The really strange thing was there had been absolutely no resistance from Richo, and there might've been a couple of reasons for that. One explanation is that Richards knew he was far enough behind that he'd have to rely on his young teammate suffering a DNF, and for drivers of a certain mindset that kind of victory is no victory at all. In that situation it wouldn't matter whether he was a tenth of a second behind or ten seconds ahead, Skaife would either drop out or he wouldn't, so why not just relax and enjoy the ride? The other possibility – and one I have to stress is just a vibe, with zero facts to back it up – is that, although Fred Gibson always denied employing team orders, he had sat his drivers down before the weekend and told them that Skaife was to win the championship. It would be better for the team and the sport to have a fresh young face carrying the #1 into the new era, so Freddo held court and worked out an arrangement between his two drivers regarding who would win what and how. The only evidence for that is what happened at the next race, nearly two months later, in the final AMSCAR round...
Whoopsy Daisy
The third (and last) AMSCAR meeting for the year was held two whole months later, on 23 August.
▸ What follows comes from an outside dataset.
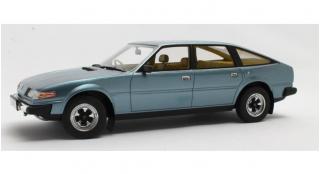 Rover 3500 SD1 series 1 Denim blue metallic Cult Scale Models 1:18 Resinemodell (Türen, Motorhaube... nicht zu öffnen!)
The event produced the usual short grid of Sydney regulars who all engaged in the expected (and rather exciting) intense pack race. But the crucial moment came in the opening seconds, when Skaife, starting from pole, fluffed the start.
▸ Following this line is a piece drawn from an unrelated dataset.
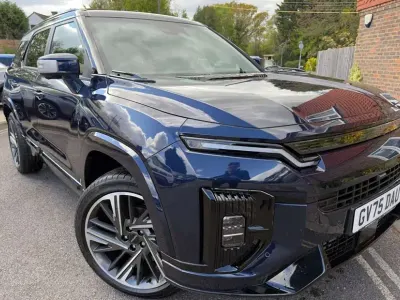 New KGM Actyon 2025 SUV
Yep, as the race got underway, Richards shot off into the distance and Skaife was swallowed up by the pack, finding his momentum only just ahead of Rohan Onslow in the Bob Forbes Racing VN Commodore (which this weekend was in a new silver livery, courtesy of new sponsor Chicago Pneumatic). What on earth had gone wrong? Are you seriously going to tell me that Mark Skaife, the reigning Australian champion twice over, in a car famous for blitzing it off the line, where the procedure for doing so was literally just to engage first, redline the engine and drop the clutch... somehow got that wrong? This was something he'd never done before and, as far as I know, he only ever did it once again... in the second heat, later that same day! It might be all inference and no evidence, but I'm calling it: Skaife did that on purpose. The deal Gibson had surely brokered was that Skaife would win the ATCC, and as a consolation prize, Richards would get AMSCAR.
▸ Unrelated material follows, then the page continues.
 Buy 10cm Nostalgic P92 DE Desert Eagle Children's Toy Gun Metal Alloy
Longhurst did what he could, but in the end Gibson Motorsport won their first AMSCAR title, and Richards his third (having previously won it in 1985 and '87, back in his BMW days). With an even 100 points, he just edged out Skaife with 97, with Colin Bond well behind on 42, and former AMSCAR master Longhurst only on 40. It was a rather low-key event for the final pure Group A race to be held in Australia, as the next one would be a triple-treat with three rulebooks. And after that would come the big one, the final Bathurst to be run by Group A cars, and only the racing gods knew how that was going to turn out...
* As far as I can tell, Jodi Russell was the wife of Graham Russell, member of radio soft-rockers Air Supply, but I'm not really familiar with their work.